▶ **PROMPT**
Copy nothing but the lines below, from the one with "Met Lux 6 qt" through the one with "Rath Packing Waterloo", exactly as written; no pictures should appear.

▶ **MATERIAL SHOWN**
※ ※ ※

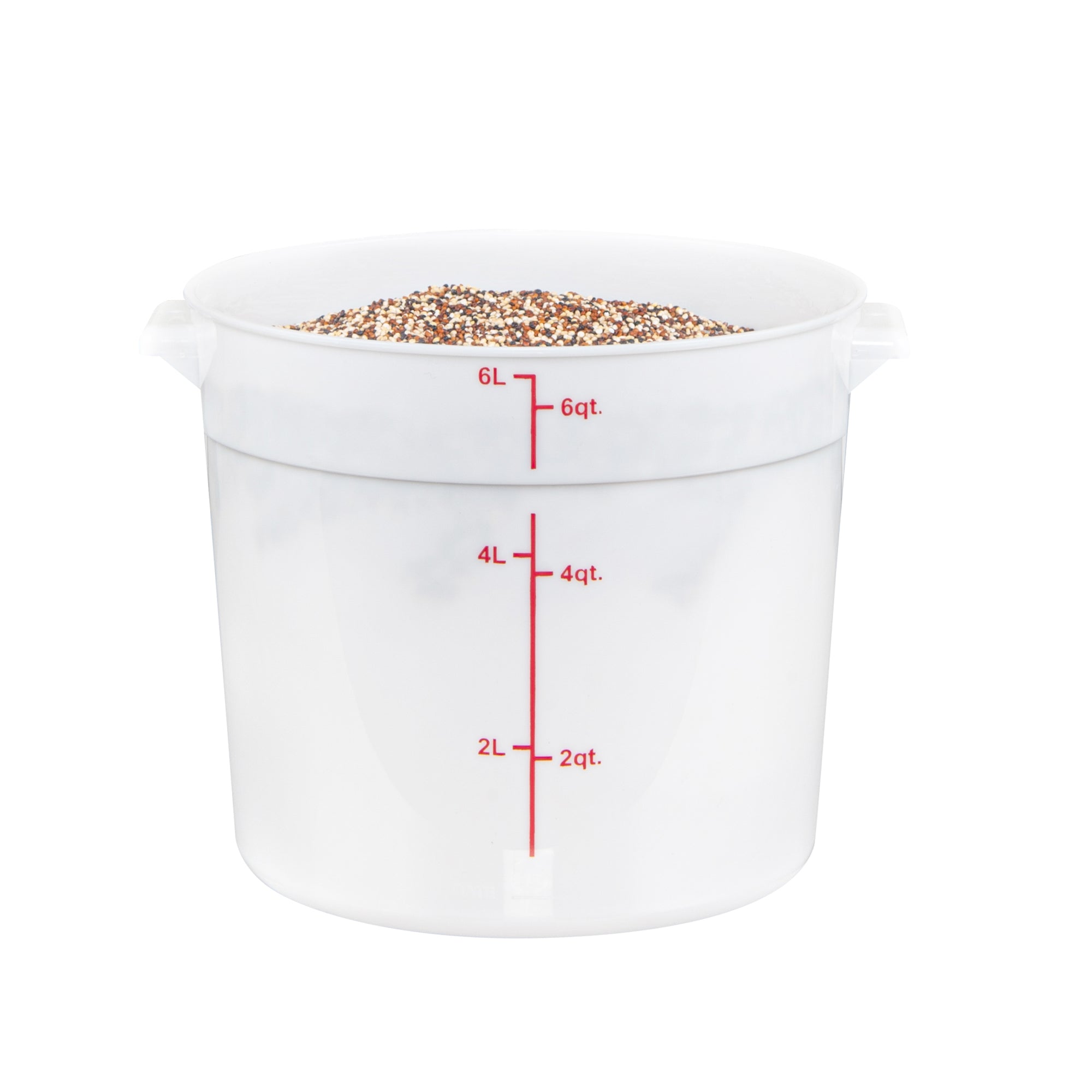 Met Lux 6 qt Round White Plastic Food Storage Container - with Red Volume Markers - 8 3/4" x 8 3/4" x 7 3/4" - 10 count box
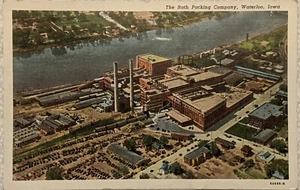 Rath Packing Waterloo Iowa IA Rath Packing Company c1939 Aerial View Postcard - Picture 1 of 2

※ ※ ※

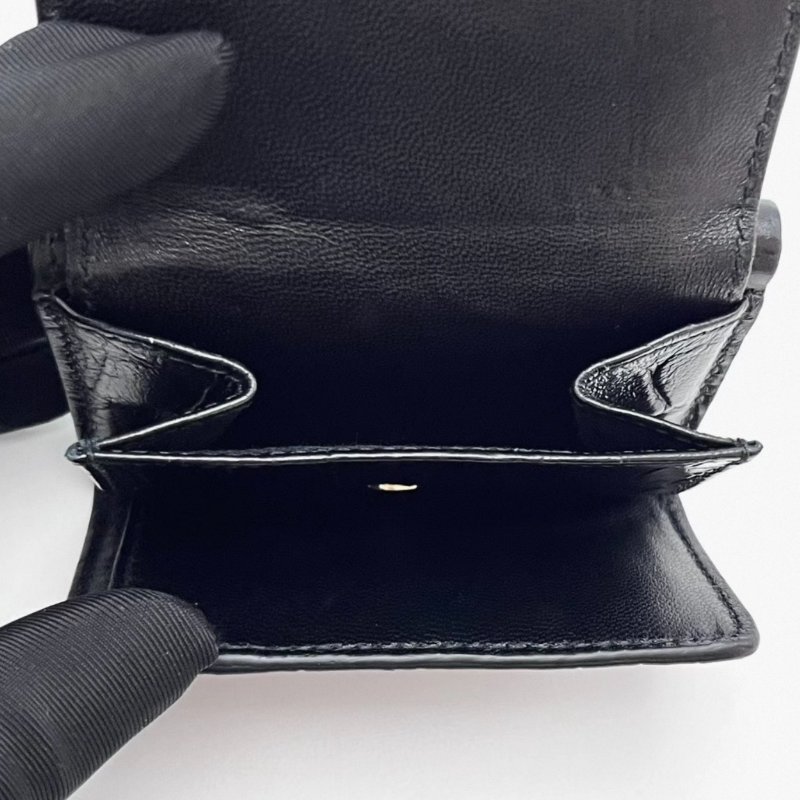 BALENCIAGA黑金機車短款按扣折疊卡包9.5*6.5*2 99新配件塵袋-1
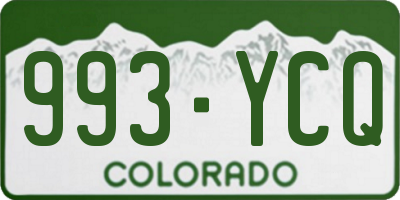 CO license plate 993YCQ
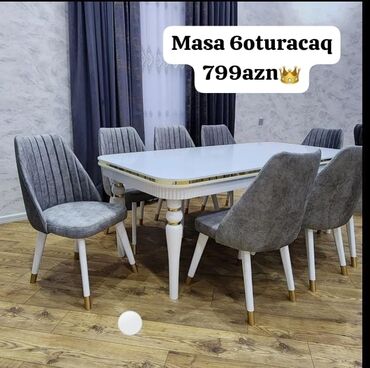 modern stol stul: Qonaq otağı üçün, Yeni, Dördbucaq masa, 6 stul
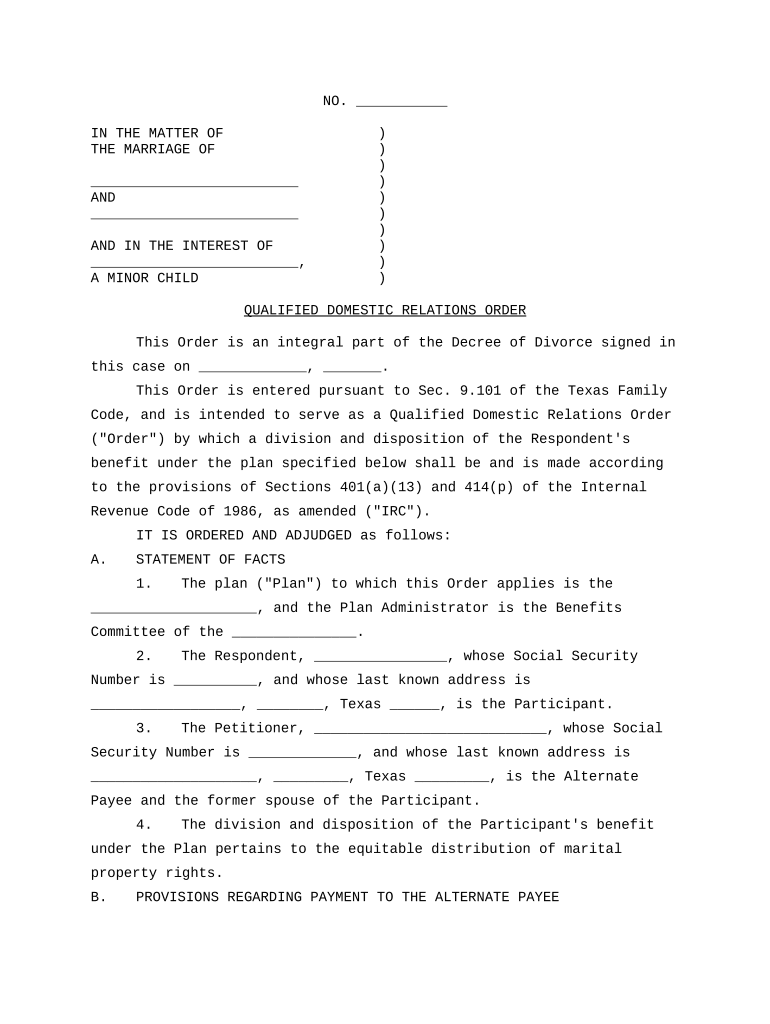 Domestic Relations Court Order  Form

※ ※ ※

▶ **ANSWER TO THIS PROBLEM**
 Met Lux 6 qt Round White Plastic Food Storage Container - with Red Volume Markers - 8 3/4" x 8 3/4" x 7 3/4" - 10 count box
 Rath Packing Waterloo Iowa IA Rath Packing Company c1939 Aerial View Postcard - Picture 1 of 2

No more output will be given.